I am one of those who freely and ungrudgingly impart a share of the good things of this life which fall to their lot (few as mine are in this kind) to a friend. I protest I take as great an interest in my friend’s pleasures, his relishes and proper satisfactions, as in mine own. “Presents,” I often say “endear Absents.” Hares, pheasants, partridges, snipes, barn-door chickens (those “tame villatic fowl”), capons, plovers, brawn, barrels of oysters, I dispense as freely as I receive them. I love to taste them, as it were, upon the tongue of my friend.

But a stop must be put somewhere. One would not, like Lear, “give everything.” I make my stand upon pig.

Methinks it is an ingratitude to the Giver of all good flavours to extra-domiciliate, or send out of the house, slightingly, (under pretext of friendship or I know not what) a blessing so particularly adapted — predestined, I may say — to my individual palate. It argues an insensibility.

Lamb is of course referring to roast suckling pig, not “your grown porkers,” not “the maturity of rank bacon.”

See him in the dish, his second cradle, how meek he lieth!— wouldst thou have had this innocent grow up to the grossness and indocility which too often accompany maturer swinehood? Ten to one he would have proved a glutton, a sloven, an obstinate, disagreeable animal — wallowing in all manner of filthy conversation — from these sins he is happily snatched away

Ere sin could blight or sorrow fade,
Death came with timely care—

The blogosphere has an idea that “ham and pineapple” is a 20th-century thing. (Incidentally, the best kind of pizza is not “Hawaiian” but ham and onion and mushroom and pineapple, or “HOMP.”) The date “1925” comes up a lot, for some reason. But here’s Lamb again, in 1822, linking pig and pineapple:

Pine-apple is great. She is indeed almost too transcendent — a delight, if not sinful, yet so like to sinning that really a tender-conscienced person would do well to pause — too ravishing for mortal taste, she woundeth and excoriateth the lips that approach her — like lovers’ kisses, she biteth — she is a pleasure bordering on pain from the fierceness and insanity of her relish.

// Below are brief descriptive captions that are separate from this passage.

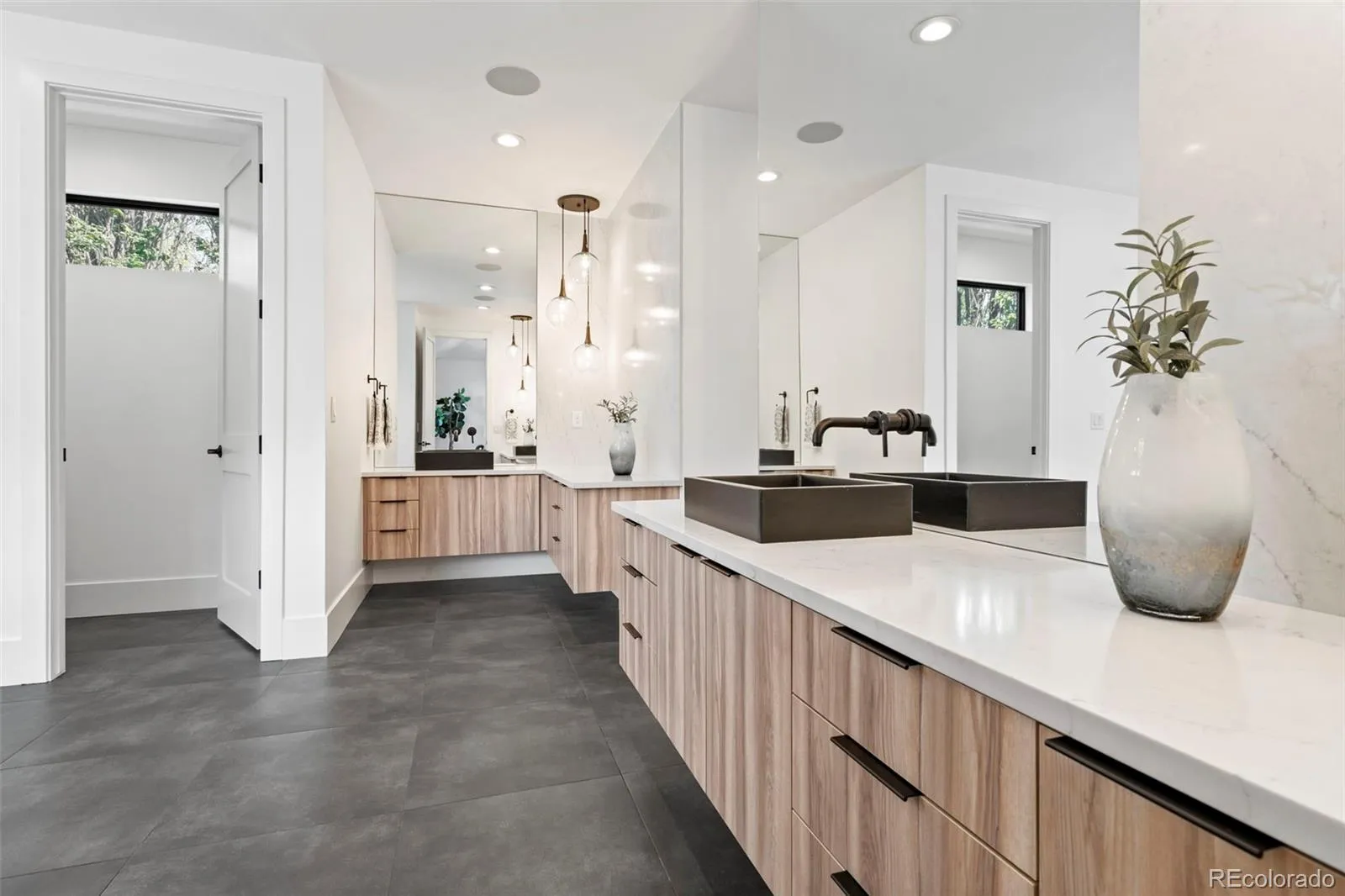 959 S Vine Street Denver CO 80209 MLS #REC7342061 05082026155129 1600 18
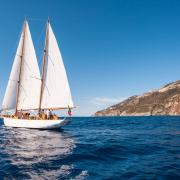 CON ACQUA DELL’ELBA, LO YACHTING È L’ESSENZA DEL MARE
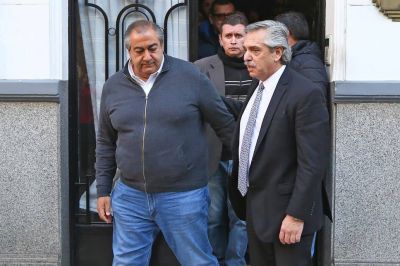 Alberto Fern�ndez entra en conflicto con los gremios estatales por las paritarias y el aguinaldo en cuotas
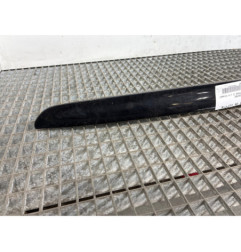 Baguette de coffre TOYOTA COROLLA 10 Photo n°1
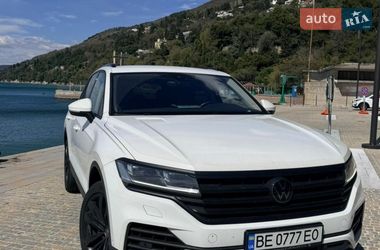 Внедорожник / Кроссовер Volkswagen Touareg 2024 в Николаеве
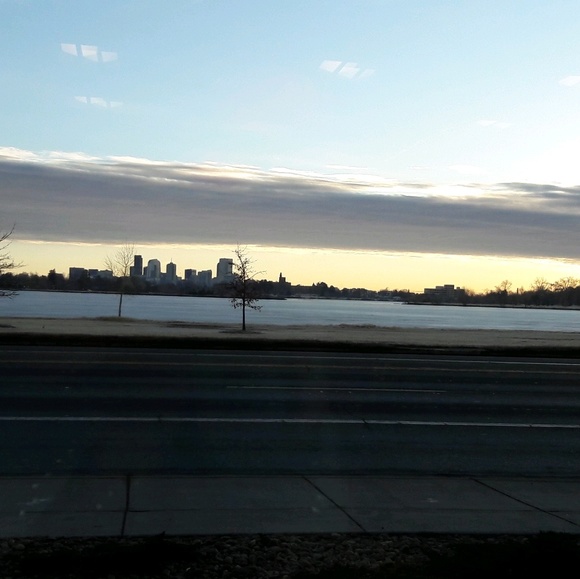 Meet your Posher, Senia - Picture 1 of 1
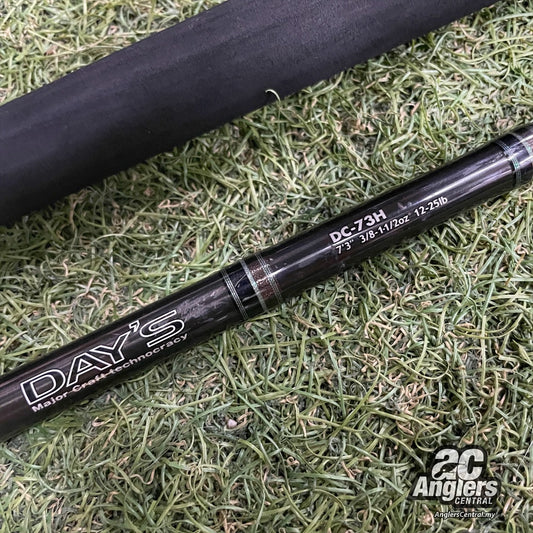 Day's DC-73H (USED, 9/10) no sleeve/bag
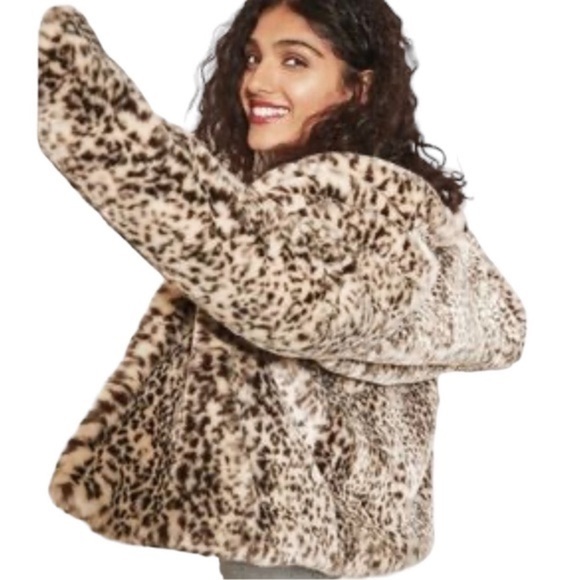 Banana Republic Jackets & Blazers - Banana Republic Factory Snow Leopard Faux Fur Cropped Jacket Size S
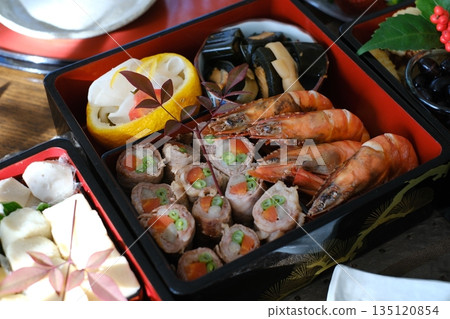 新年菜餚盛放在桌上的多層托盤中 新年菜餚盛放在桌上的多層托盤中 135120854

But she stoppeth at the palate — she meddleth not with the appetite — and the coarsest hunger might barter her consistently for a mutton-chop.

“Roast Pig” extends a letter on the same theme sent by Lamb to Coleridge (the author of the “Epitaph on an Infant” quoted above) after someone had sent Coleridge a pig. (Apparently not Lamb, says the footnote; although the footnoter might just be taking Lamb’s essay too seriously.) Speaking of letters about sending pigs, in the January 1975 issue of The Classical Outlook J.D. Sadler translates Martial’s Epigrammata 9.48 as follows:

9.48 (To Garricus)

You swore by an oath that was sacred as Jove
That I would inherit a fourth of your trove.
I, wishfully thinking that this would come true,
Kept sending all manner of presents to you.
Among them I gave you a succulent pig;
It looked like a monster, the thing was so big.
And you gave a barbecue, everything free,
To which all were invited — all except me!
I can’t even wiggle my nose in the door
To watch all those bloated bums belching my boar.
Not even a knuckle was sent me this late.
You still think I’m getting that quarter-estate?

That’s the plot of Volpone, isn’t it?